Material shown:
○ ○ ○ ○

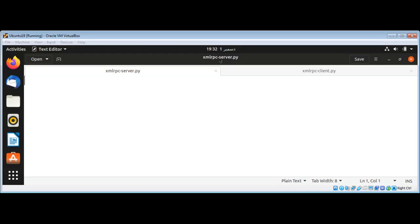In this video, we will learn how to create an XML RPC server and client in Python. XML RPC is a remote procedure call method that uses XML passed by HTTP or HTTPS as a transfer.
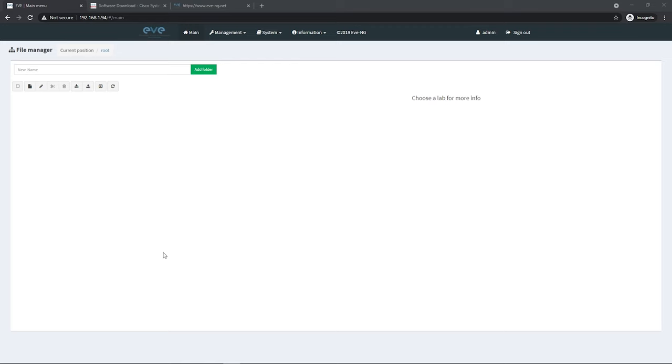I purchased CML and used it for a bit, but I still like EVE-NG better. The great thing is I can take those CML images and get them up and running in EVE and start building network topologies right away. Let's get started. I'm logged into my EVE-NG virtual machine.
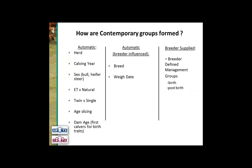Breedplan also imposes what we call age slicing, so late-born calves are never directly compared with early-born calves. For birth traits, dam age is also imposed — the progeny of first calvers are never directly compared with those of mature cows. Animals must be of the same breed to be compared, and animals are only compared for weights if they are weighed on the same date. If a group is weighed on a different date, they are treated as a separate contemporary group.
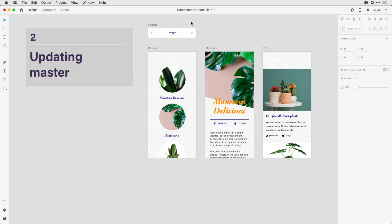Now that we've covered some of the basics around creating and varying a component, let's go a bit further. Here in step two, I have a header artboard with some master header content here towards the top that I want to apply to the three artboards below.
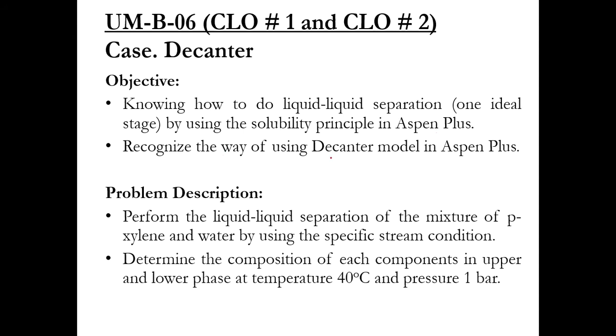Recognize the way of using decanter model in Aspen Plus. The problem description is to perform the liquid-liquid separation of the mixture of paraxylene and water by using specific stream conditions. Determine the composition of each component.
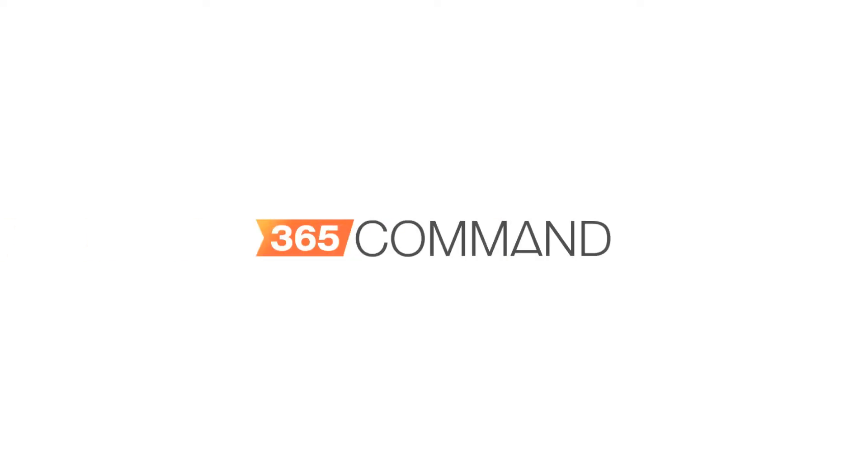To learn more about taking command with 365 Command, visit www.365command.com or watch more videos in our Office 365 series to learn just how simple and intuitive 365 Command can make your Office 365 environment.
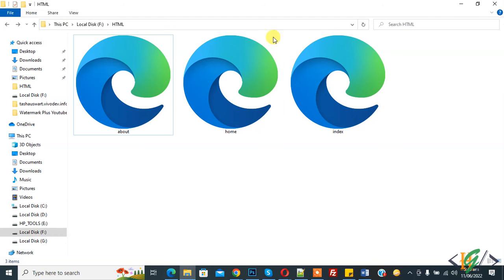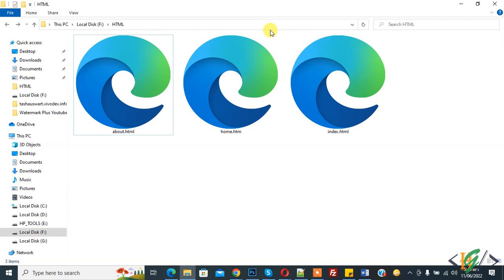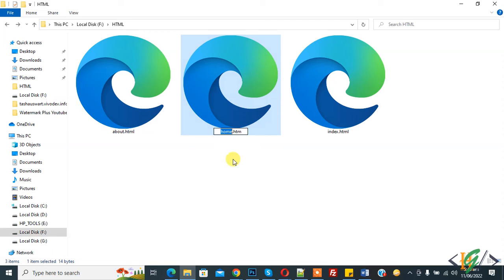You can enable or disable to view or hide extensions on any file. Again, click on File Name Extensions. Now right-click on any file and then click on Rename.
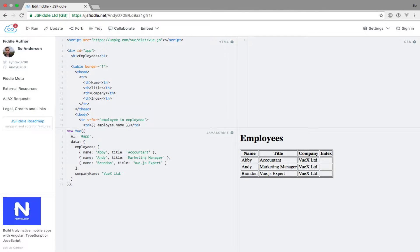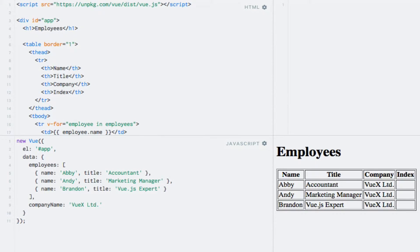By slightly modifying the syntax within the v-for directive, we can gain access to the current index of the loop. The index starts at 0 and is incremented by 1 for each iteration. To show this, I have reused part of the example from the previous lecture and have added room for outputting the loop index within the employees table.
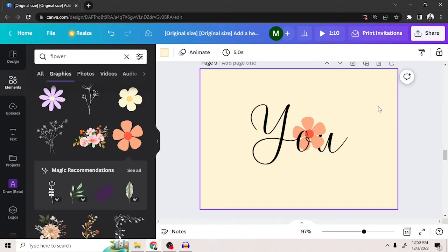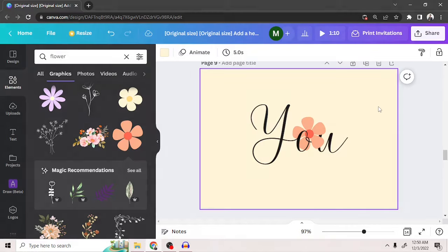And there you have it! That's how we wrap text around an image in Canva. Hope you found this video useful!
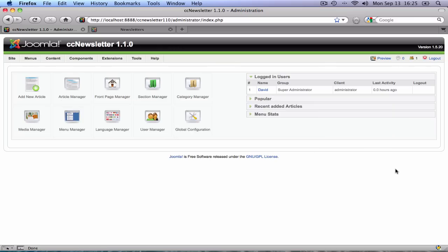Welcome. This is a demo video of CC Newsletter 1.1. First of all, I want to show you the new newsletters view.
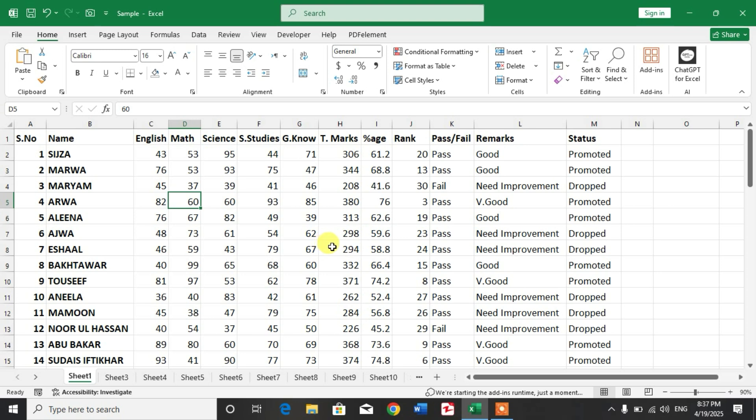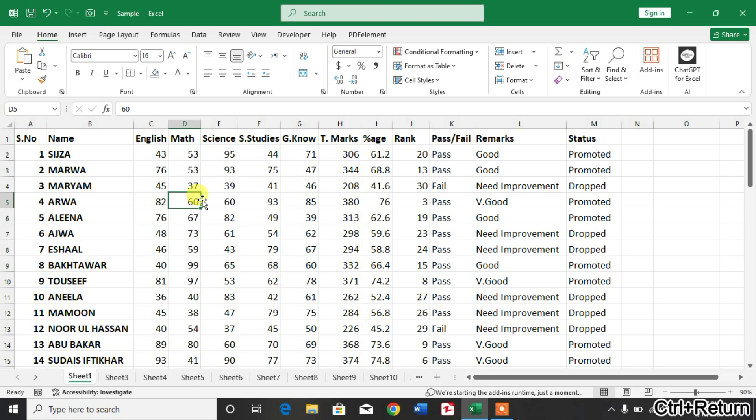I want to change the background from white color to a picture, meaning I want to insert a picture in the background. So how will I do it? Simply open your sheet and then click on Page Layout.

○ ○ ○ ○

Prompt: Once you find the line containing "And there you", retype it and every line after it through the last line of the records above, exactly. Add nothing else, and leave out the pictures.

Written answer:
And there you have it! That's how we wrap text around an image in Canva. Hope you found this video useful!
Welcome. This is a demo video of CC Newsletter 1.1. First of all, I want to show you the new newsletters view.
I want to change the background from white color to a picture, meaning I want to insert a picture in the background. So how will I do it? Simply open your sheet and then click on Page Layout.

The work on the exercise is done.